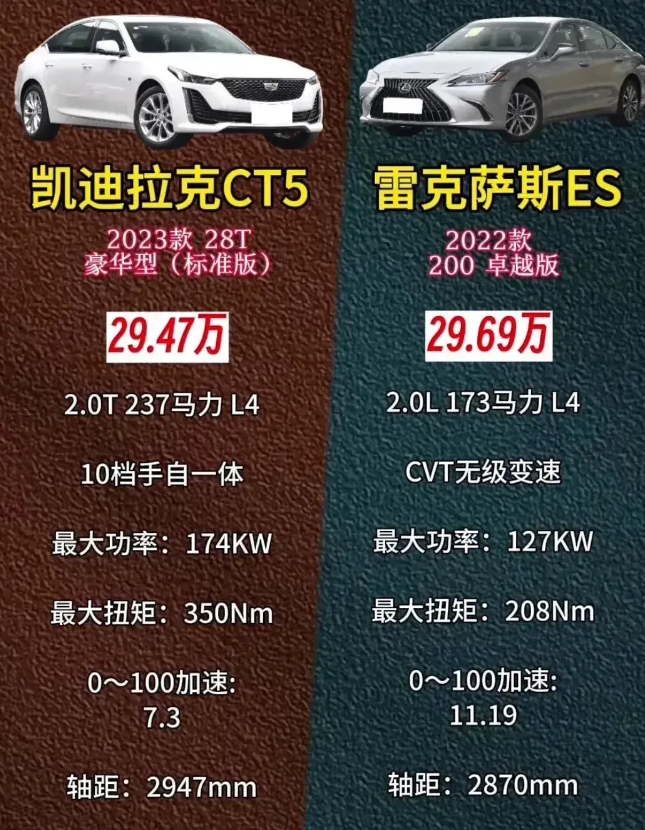 一直以为凯迪拉克CT5表现也就一般，毕竟2.0T只有237匹马力，百公里加速都要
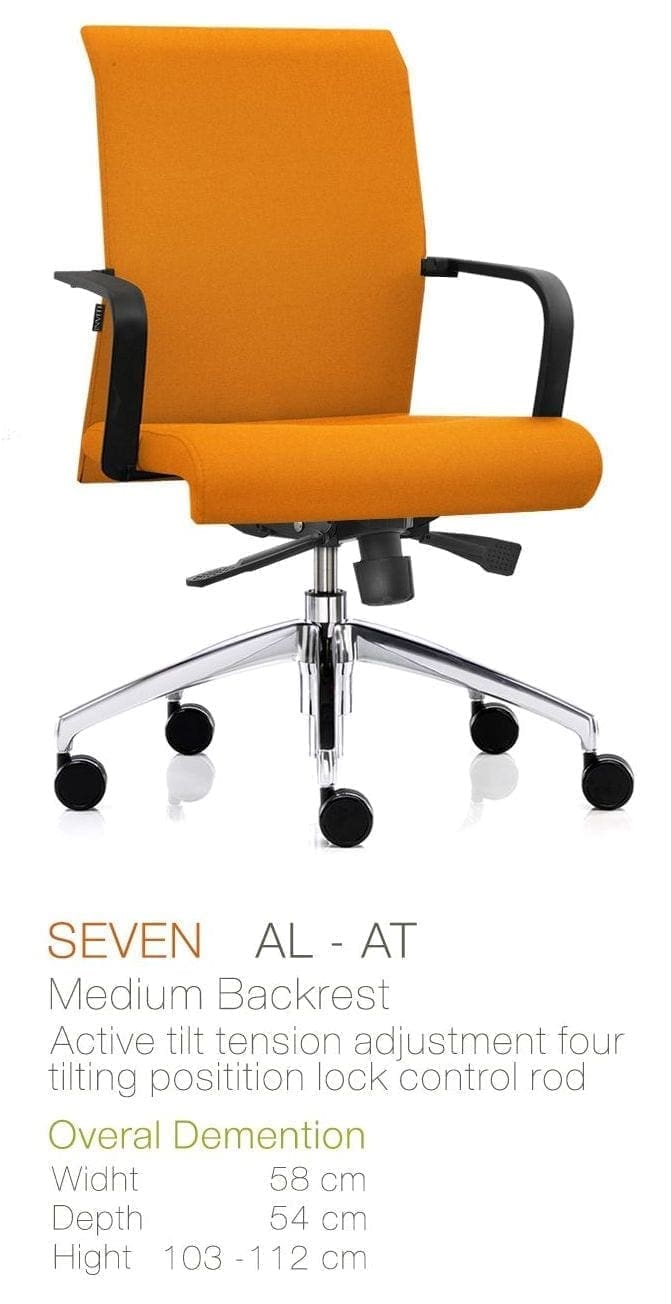 Inviti Kursi Manager Type SEVEN I AL AT
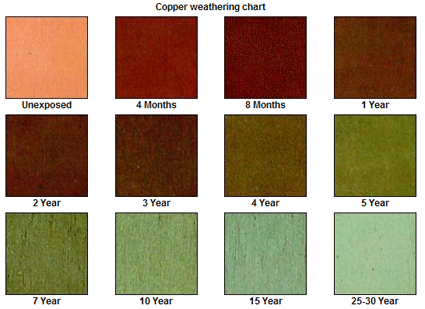 COPPER WEATHERING CHART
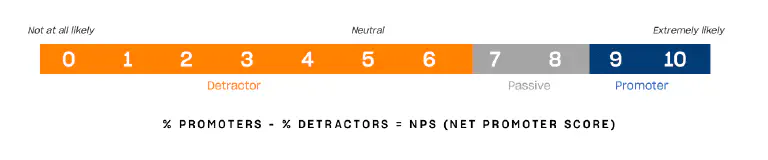 Net Promoter Score (NPS)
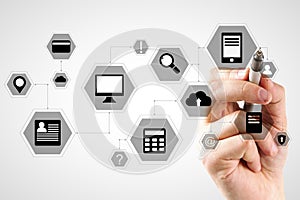 Innovation and technology concept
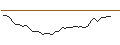 Intraday chart for MORGAN STANLEY PLC/CALL/BILIBILI INC. ADR Z/30/0.1/20.12.24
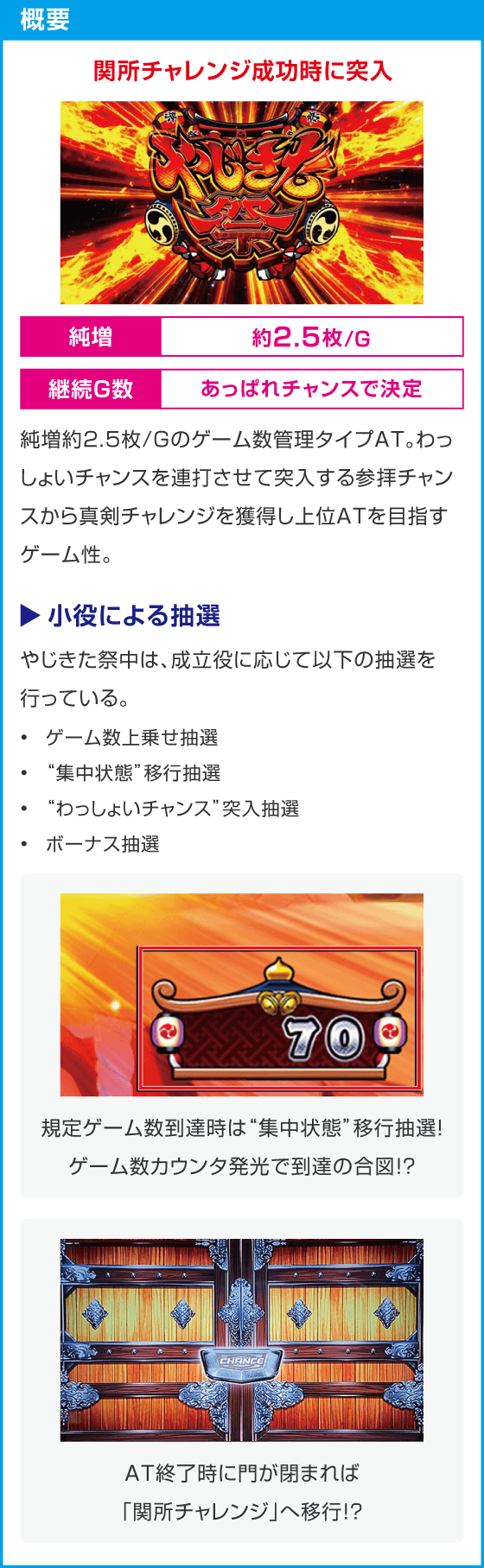 スマスロ やじきた道中記参る！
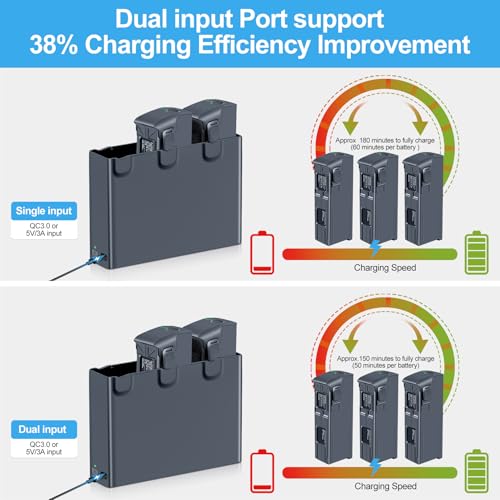 Fantasyo Intelligent Flight Avata 2 Battery Replacement 2150mAh 2 Pack 23 Minutes of Max Flight Time Compatible with DJI Avata 2 Drone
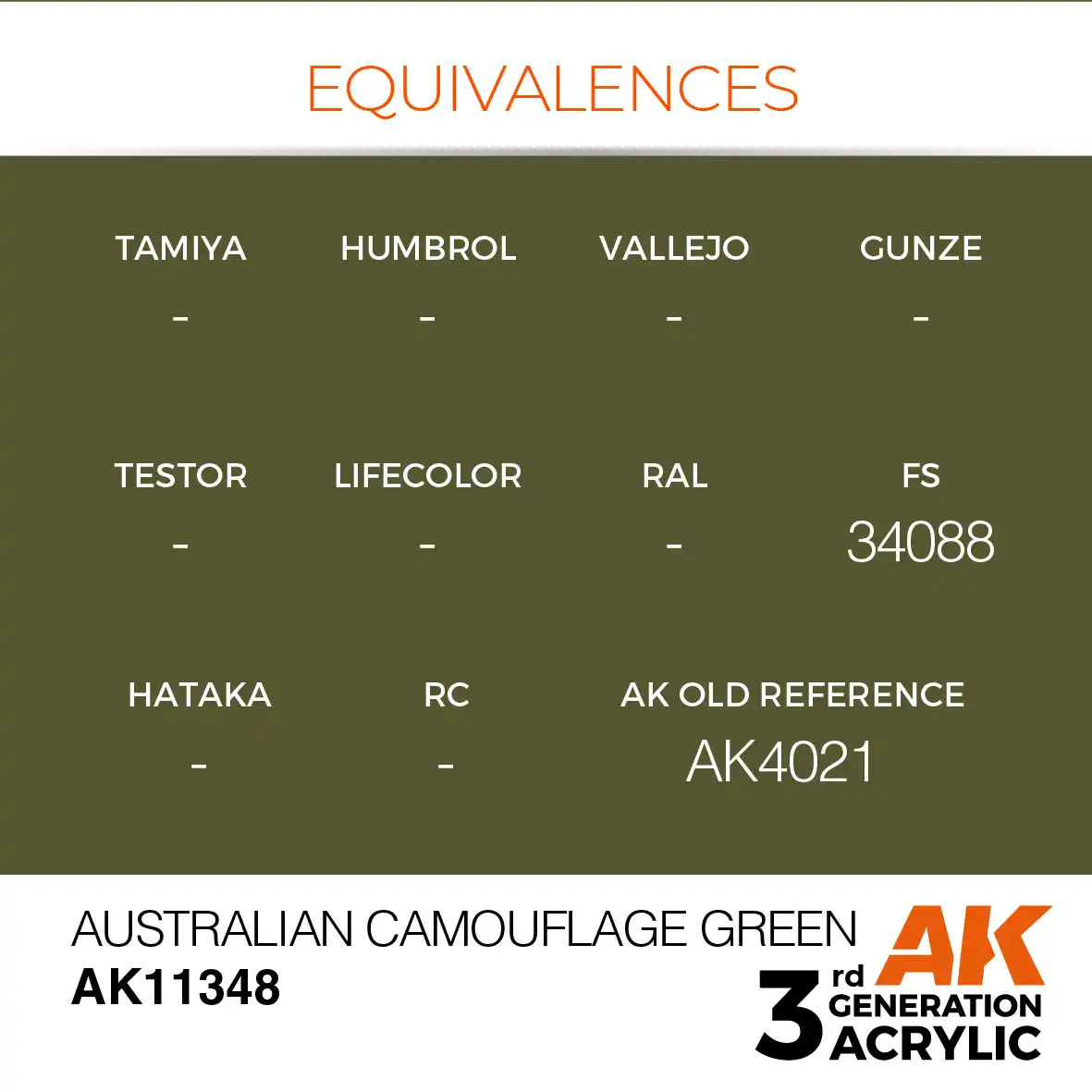 AK Interactive 11348, 17 ml. 3GEN Australian Camouflage Green AFV maket boyası - Görsel 3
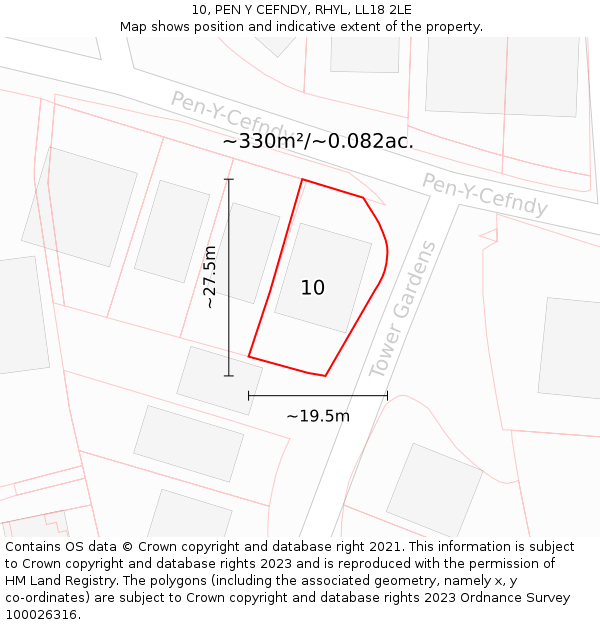 10, PEN Y CEFNDY, RHYL, LL18 2LE: Plot and title map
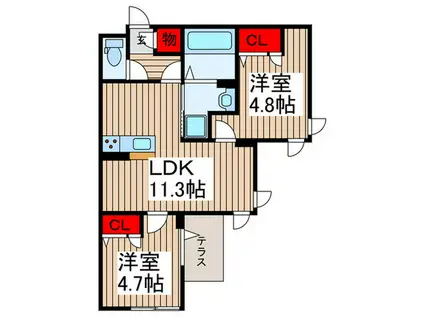 セレスティア扇III(2LDK/1階)の間取り写真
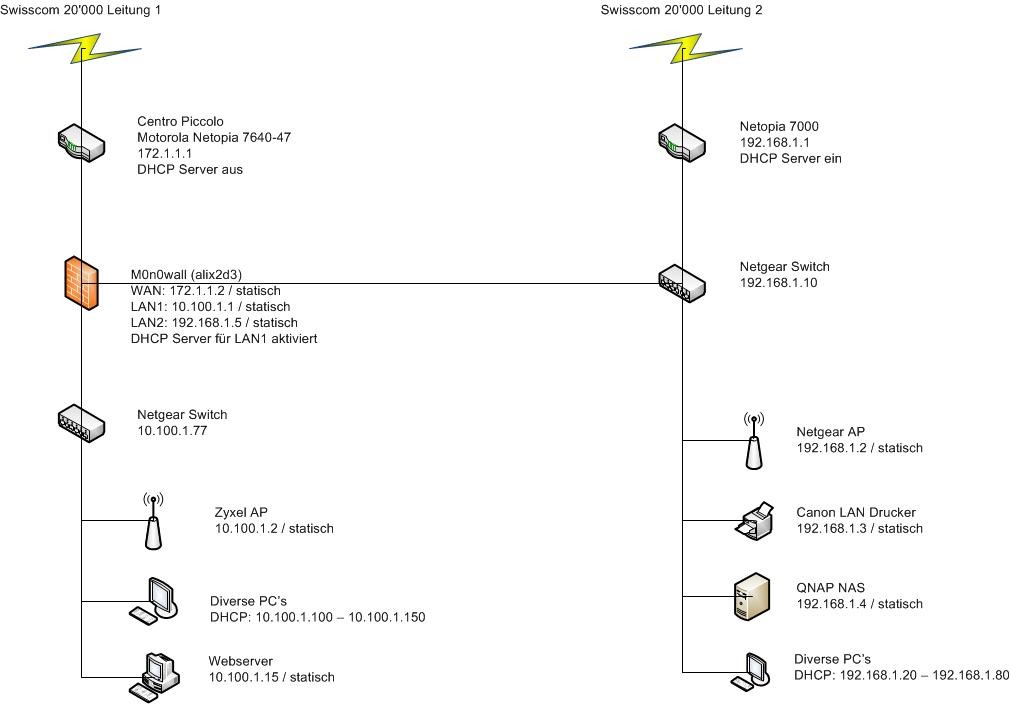 7904i90db8523d0127e22.jpg Zeichnung1.jpg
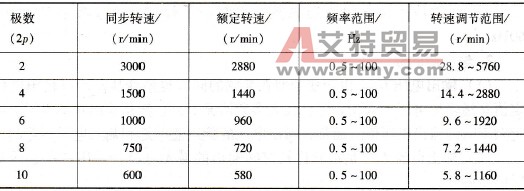 两倍频率范围内的转速调节范围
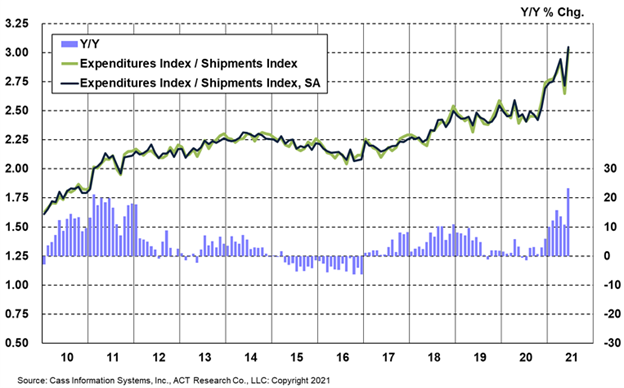 shipping costs up year over year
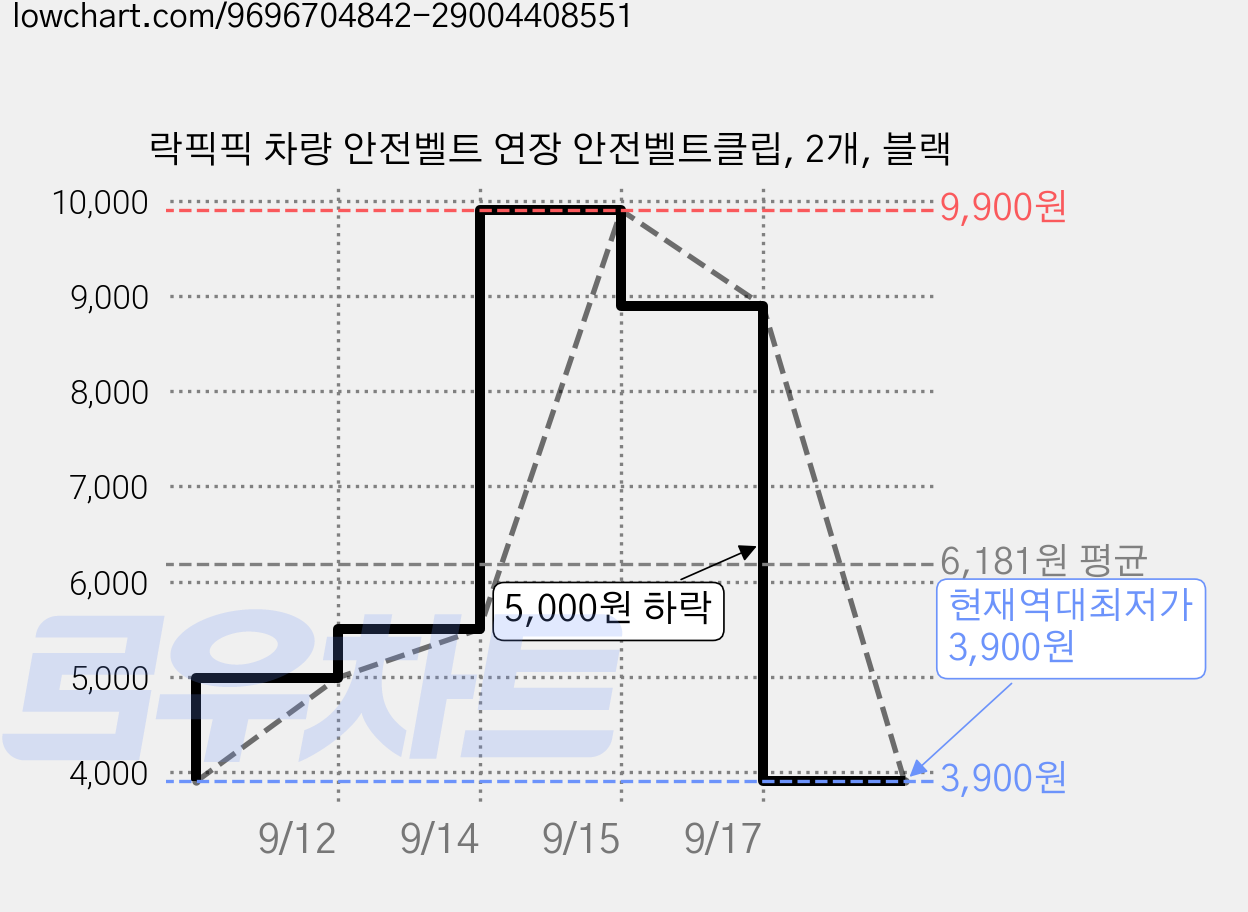 락픽픽 차량 안전벨트 연장 안전벨트클립, 2개, 블랙 가격 변동 차트, 현재가 3,900원, 역대최저가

**What this task involves:** Output only the stretch above from the line with "Innovation and technology concept" through the line with "AK Interactive 11348, 17", reproduced exactly. Exclude pictures.

**Result for this task:**
 Innovation and technology concept
 Intraday chart for MORGAN STANLEY PLC/CALL/BILIBILI INC. ADR Z/30/0.1/20.12.24
 スマスロ やじきた道中記参る！
 Fantasyo Intelligent Flight Avata 2 Battery Replacement 2150mAh 2 Pack 23 Minutes of Max Flight Time Compatible with DJI Avata 2 Drone
 AK Interactive 11348, 17 ml. 3GEN Australian Camouflage Green AFV maket boyası - Görsel 3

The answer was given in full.